Re: Improving N-Distinct estimation by ANALYZE

From: Greg Stark <gsstark(at)mit(dot)edu>
To: Josh Berkus <josh(at)agliodbs(dot)com>
Cc: tshipley(at)deru(dot)com, pgsql-hackers(at)postgresql(dot)org
Subject: Re: Improving N-Distinct estimation by ANALYZE
Date: 2006-01-05 15:12:29
Message-ID: 87d5j64ski.fsf@stark.xeocode.com
Views: Raw Message | Whole Thread | Download mbox | Resend email
Thread:
Lists: pgsql-hackers


Josh Berkus <josh(at)agliodbs(dot)com> writes:

> > These statements are at odds with my admittedly basic understanding of
> > statistics. Isn't the power of a sample more related to the absolute size of
> > the sample than the sample as fraction of the population? Why not just pick
> > a smallish sample size, say about 3000, and apply it to all the tables, even
> > the ones with just a single row (modify appropriately from block sampling).
>
> Nope, it's definitely proportional. As a simple example, a sample of 500 rows
> in a table of 1000 rows should yeild stats estimates with 90%+ accuracy.
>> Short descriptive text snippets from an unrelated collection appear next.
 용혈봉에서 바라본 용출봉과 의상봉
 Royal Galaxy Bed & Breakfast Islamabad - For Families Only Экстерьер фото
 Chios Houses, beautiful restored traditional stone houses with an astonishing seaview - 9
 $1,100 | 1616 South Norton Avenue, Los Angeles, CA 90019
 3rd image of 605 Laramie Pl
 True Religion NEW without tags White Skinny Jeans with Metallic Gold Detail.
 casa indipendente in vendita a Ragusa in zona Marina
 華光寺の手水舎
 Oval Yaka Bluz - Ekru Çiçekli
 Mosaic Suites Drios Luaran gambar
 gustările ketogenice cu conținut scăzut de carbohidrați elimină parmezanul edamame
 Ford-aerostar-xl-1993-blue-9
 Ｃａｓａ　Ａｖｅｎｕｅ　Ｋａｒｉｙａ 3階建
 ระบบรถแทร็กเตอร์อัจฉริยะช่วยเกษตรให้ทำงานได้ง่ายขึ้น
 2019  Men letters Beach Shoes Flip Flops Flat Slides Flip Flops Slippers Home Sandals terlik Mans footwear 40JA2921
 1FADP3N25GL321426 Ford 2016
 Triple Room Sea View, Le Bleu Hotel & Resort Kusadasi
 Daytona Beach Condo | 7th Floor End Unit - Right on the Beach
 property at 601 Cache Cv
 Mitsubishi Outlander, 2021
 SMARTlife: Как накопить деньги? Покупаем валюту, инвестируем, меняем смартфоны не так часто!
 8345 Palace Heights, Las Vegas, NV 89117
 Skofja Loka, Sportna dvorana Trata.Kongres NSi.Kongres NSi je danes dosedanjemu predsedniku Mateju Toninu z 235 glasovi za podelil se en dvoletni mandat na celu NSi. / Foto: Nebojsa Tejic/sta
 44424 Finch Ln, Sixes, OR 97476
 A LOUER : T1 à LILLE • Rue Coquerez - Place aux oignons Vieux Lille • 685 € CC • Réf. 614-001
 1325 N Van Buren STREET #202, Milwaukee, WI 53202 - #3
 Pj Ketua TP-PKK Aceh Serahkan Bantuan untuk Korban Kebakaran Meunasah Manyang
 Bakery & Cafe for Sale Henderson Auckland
But a
> sample of 500 rows in a 600,000,000 row table is so small as to be nearly
> useless; it's quite possible to get all the same value in a random sample of <
> 0.1% even on a column with a D/N of 0.001. If you look at the papers cited,
> almost all researchers more recent than Chaudhuri use a proportional sample
> size.

To be clear Josh is talking specifically about the estimate of how many
distinct values a query will see. Not the more usual estimates of how many
records the query will see.

For estimating how many records a query like

SELECT * FROM tab WHERE x BETWEEN ? AND ?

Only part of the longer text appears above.